The Char Dham Yatra Significance

char dham yatra significance badrinatha dwarka rameswaram puri

The Char Dham Yatra is a pilgrimage done by Hindus visiting four of the most sacred sites in Hinduism:

  • Badrinath in the North
  • Rameswaram in the South
  • Dwarka in the West
  • Jagannath Puri in the East

It is of major significance as it symbolises the four yugas (ages) of Hinduism, as well as the four Vedas.


Badrinath is a small town in the Northern state of Uttarakhand, with a population of less than 1,000. Yet for a town that size, it receives over 600,000 pilgrim visitors each year.

The main attraction in the town is the Badrinath Temple, which houses an 8-foot black stone statue of Vishnu in the form of Badrinarayan. It is believed by many that this statue was actually self-manifested.

The temple is regarded as a holy site as it is even mentioned in the Vishnu Purana and the Skanda Purana. It is believed that Nar-Narayan, another incarnation of Vishnu did penance there and at the time, the area was filled with plum trees, called Badri.

Next to the temple, there is a sulphur-based hot spring, and many believe bathing in this hot spring is medicinal and should be done on a visit to Badrinath.


The Rameswaram temple, called Ramanathaswamy Temple, is located off the coast of mainland India, on Pamban Island.

The island is of huge significance to Hindus because it is believed that it is from here that Lord Rama built a bridge to Lanka to rescue his wife Sita from the demon Ravana.

It is also believed that on his return, he prayed to Lord Shiva to absolve him of any sins he may have committed during the war. The lingam made of sand that resides in the main shrine to this day is thought to have been made by Sita herself.


Dwarka, located in the state of Gujarat is where the Dwarkadeesh temple is located.

It is a temple dedicated to Lord Krishna, and the name translates as ‘King of Dwarka’. The town is believed to be the kingdom which Krishna found and Vishwakarma built for him.

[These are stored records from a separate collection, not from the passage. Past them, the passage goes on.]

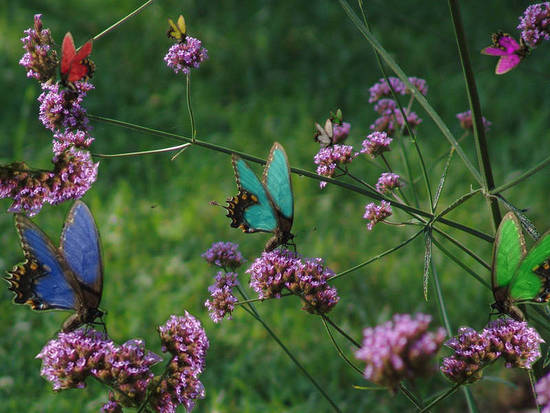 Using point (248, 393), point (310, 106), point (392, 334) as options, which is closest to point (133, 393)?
point (392, 334)

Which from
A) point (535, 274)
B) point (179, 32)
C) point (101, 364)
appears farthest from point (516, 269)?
point (179, 32)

It is believed that the temple was built by Lord Krishna’s own grandson on top of the remains of his residential palace.


The Jagannath Temple is located in Puri, in the Eastern state of Odisha.

Jagannath translates as “Lord of the universe”.

The story behind this temple and its idols go that the King Indradyumna was in search of an ancient legendary stone that Yama, the lord of death had buried in the Earth when Narayan appeared and instructed him to find a floating log in the ocean to be able to make an image from.

When the king found the right log, he asked Vishwakarma, the god of architecture, to build a glorious temple and Vishnu himself appeared to construct the deities out of the log. He asked simply to not be disturbed until his work was finished.

As time went on, there was no sound coming from the temple and the queen became anxious, so she took the king to see what was happening, as she thought the carpenter may be dead.

They opened the doors and saw Vishnu at work, however, he left as he had been disturbed, leaving the idols unfinished and with no arms. That is why Eastern Indian Jagannath idols are often shown with no arms.